そんな時に、曽野綾子さんの『老いの才覚』を読んで感激し、40代半ばにして、一人で毅然と生きていこうと決意。撮影現場で「私、『孤独死』を覚悟しています」と発言し、まわりから「とこちゃん、何考えてるの?」と驚かれたこともあります。(笑)

本音では、ずーっと寂しかったんです。でもバレエダンサー時代に染みついた「常に凛としていなければいけない」という価値観に縛られ、人前で素の自分を出すことができませんでした。

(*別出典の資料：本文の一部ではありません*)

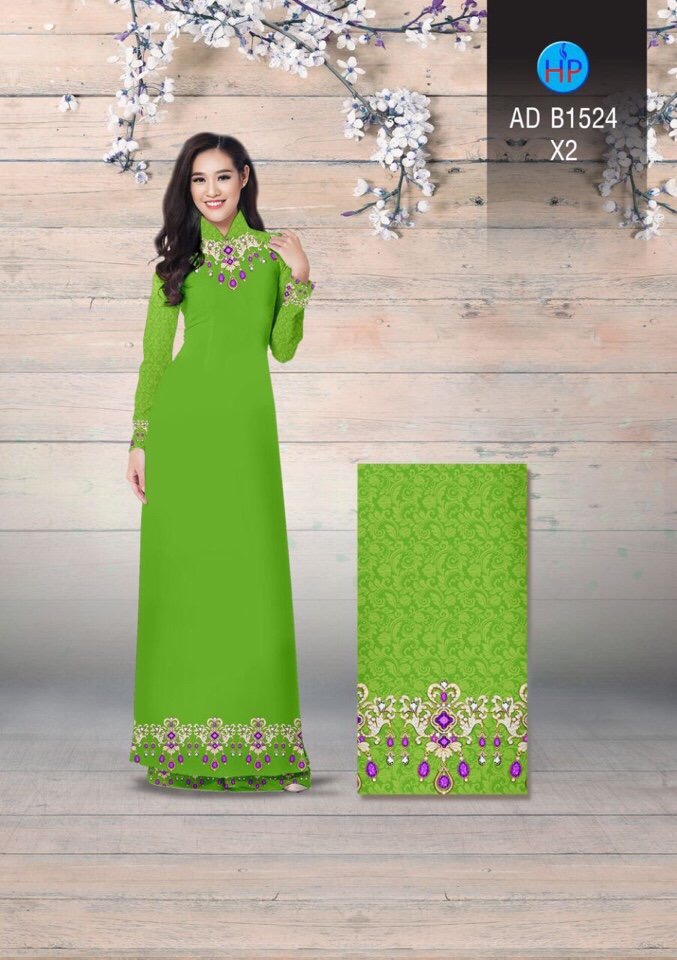 Vải áo dài hoa văn AD B1524 - Ảnh 9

事務所の方々には、以前から、「床嶋さんは普段すごく面白いから、それを出したほうがいいですよ」と言われていました。昨年、思い切って自分をさらけ出そうと大決心。『アウト×デラックス』という番組に呼んでいただいた際、「寂しい~っ! 誰かに抱きしめてほしい」と本音をぶっちゃけたところ、それを見た知り合いの皆さんが「とこちゃんに誰かいい人はいないか。なんとかしなきゃ」と考えてくださるようになり――おかげさまで出会いが訪れた、というわけです。それまでの殻を破り、自由になったことで、物事が動き始めた気がします。

 

ここは絶対にごまかしてはいけない

交際が始まって結婚を決めるまでには、乗り越えるべき山もありました。この歳になると、お互い生活のペースができあがっていますし。小さいことでは、お水の使い方やゴミ出しでもめたり。(笑)

彼は基本的にゆったりと受け止めてくれていたのですが、私自身、男性と暮らした経験がなく、一緒にやっていけるのか大変不安でした。毎日違うスケジュールで動いているうえ、急な変更があることもしょっちゅう。今まで自分中心に生きてきた私が歩み寄り、時には合わせ、また自分の時間も大事にする――ということを頭ではわかっていても、些細なことで軽くぶつかることもありました。

そんな時は、論理的に文章にしてメールで送りました。すると夫はそれに対して何も返してこないのですが、少しずつ変化し、受け止めてくれたように思います。

本音をぶつけることで関係が壊れるかも、という怖さも正直ありました。でもそれで崩れるなら、しょせんダメなんだ。自分を殺して相手に合わせていたら、結婚後いつか爆発するに違いない。だから、ここは絶対にごまかしてはいけないと思いました。